Data for this task:
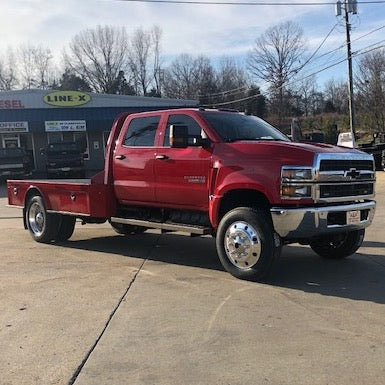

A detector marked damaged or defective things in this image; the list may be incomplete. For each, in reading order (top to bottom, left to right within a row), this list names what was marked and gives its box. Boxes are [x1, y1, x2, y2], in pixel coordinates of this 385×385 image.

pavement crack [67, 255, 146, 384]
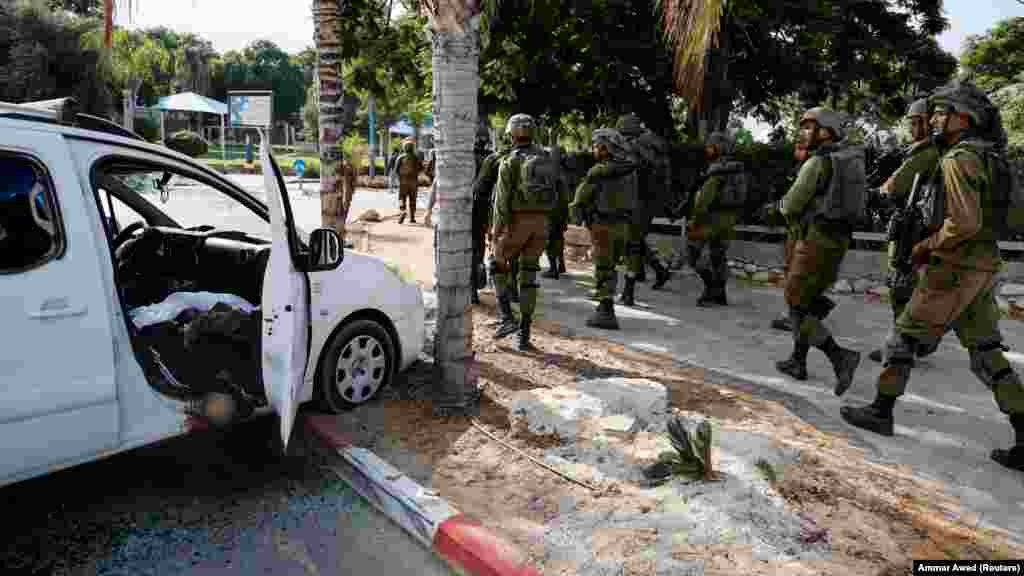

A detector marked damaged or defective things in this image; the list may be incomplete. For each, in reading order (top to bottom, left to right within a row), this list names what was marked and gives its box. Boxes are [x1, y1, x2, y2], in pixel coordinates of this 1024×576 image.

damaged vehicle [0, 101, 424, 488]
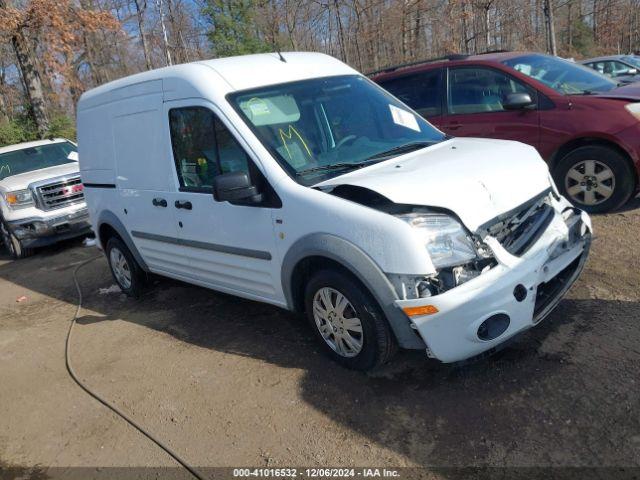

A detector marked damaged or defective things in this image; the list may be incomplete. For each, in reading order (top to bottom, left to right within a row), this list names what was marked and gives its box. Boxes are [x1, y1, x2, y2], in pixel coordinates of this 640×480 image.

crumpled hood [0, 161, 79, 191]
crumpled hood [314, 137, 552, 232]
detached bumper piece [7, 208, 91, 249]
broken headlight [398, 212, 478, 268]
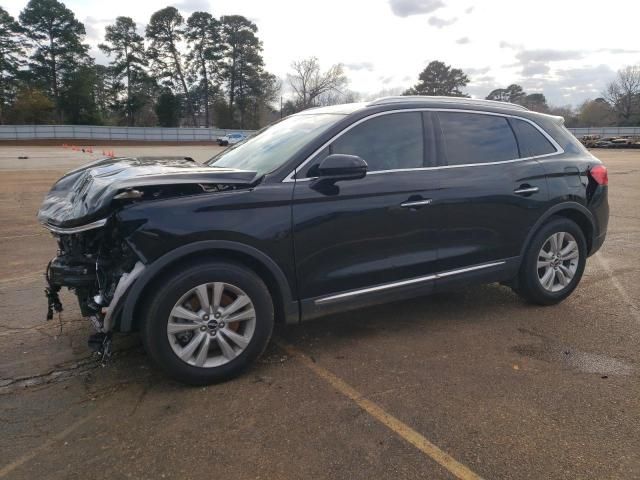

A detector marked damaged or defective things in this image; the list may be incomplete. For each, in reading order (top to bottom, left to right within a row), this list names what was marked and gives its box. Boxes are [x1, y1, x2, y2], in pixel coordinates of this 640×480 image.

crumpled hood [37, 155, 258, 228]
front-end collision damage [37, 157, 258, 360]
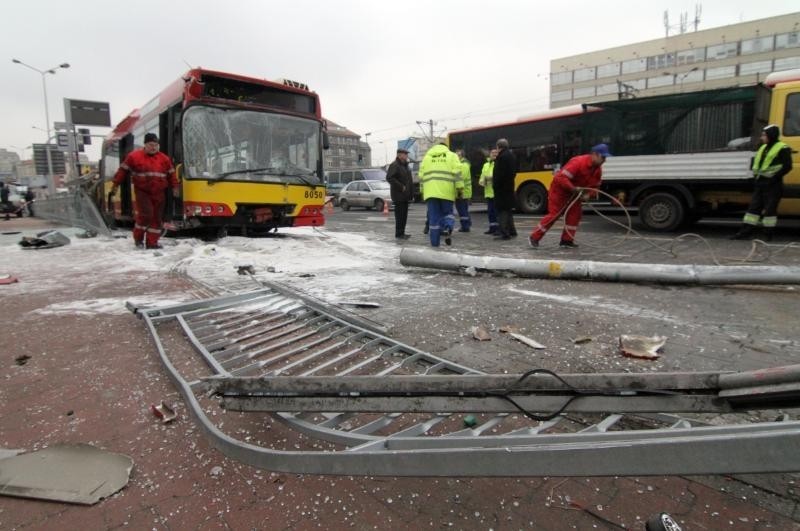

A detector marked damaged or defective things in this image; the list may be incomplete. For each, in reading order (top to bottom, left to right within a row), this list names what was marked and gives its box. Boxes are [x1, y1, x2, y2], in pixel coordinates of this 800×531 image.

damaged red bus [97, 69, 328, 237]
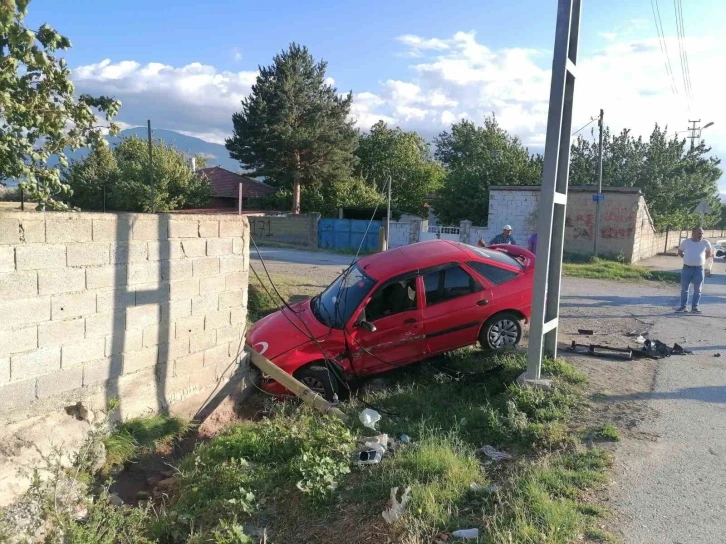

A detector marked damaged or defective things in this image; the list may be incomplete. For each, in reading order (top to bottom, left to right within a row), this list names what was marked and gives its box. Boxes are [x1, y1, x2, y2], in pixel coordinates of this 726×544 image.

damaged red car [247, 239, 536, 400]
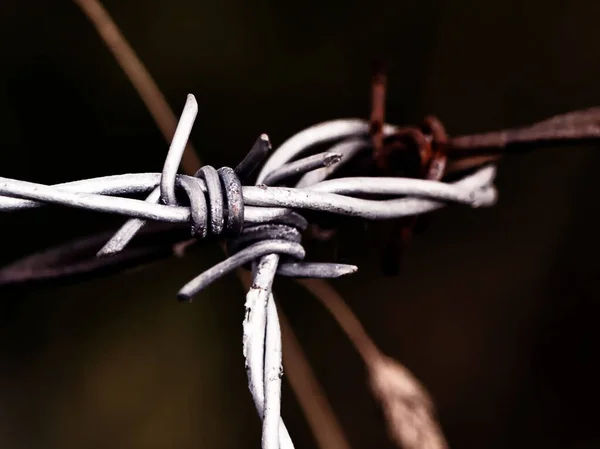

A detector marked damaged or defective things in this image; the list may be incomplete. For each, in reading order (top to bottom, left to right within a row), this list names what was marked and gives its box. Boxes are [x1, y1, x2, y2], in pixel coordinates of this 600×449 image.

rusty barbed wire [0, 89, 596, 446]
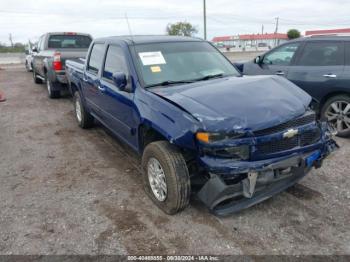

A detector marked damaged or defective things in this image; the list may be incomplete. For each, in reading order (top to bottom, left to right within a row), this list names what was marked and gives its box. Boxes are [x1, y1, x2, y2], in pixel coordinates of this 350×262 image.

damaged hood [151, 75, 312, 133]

Required action: Please write out, exactly as they appear, the lines from the one containing "this 350×262 image." through the last line of the records above, and nothing more.

Final answer:
A detector marked damaged or defective things in this image; the list may be incomplete. For each, in reading order (top to bottom, left to right within a row), this list names what was marked and gives its box. Boxes are [x1, y1, x2, y2], in pixel coordinates of this 350×262 image.

damaged hood [151, 75, 312, 133]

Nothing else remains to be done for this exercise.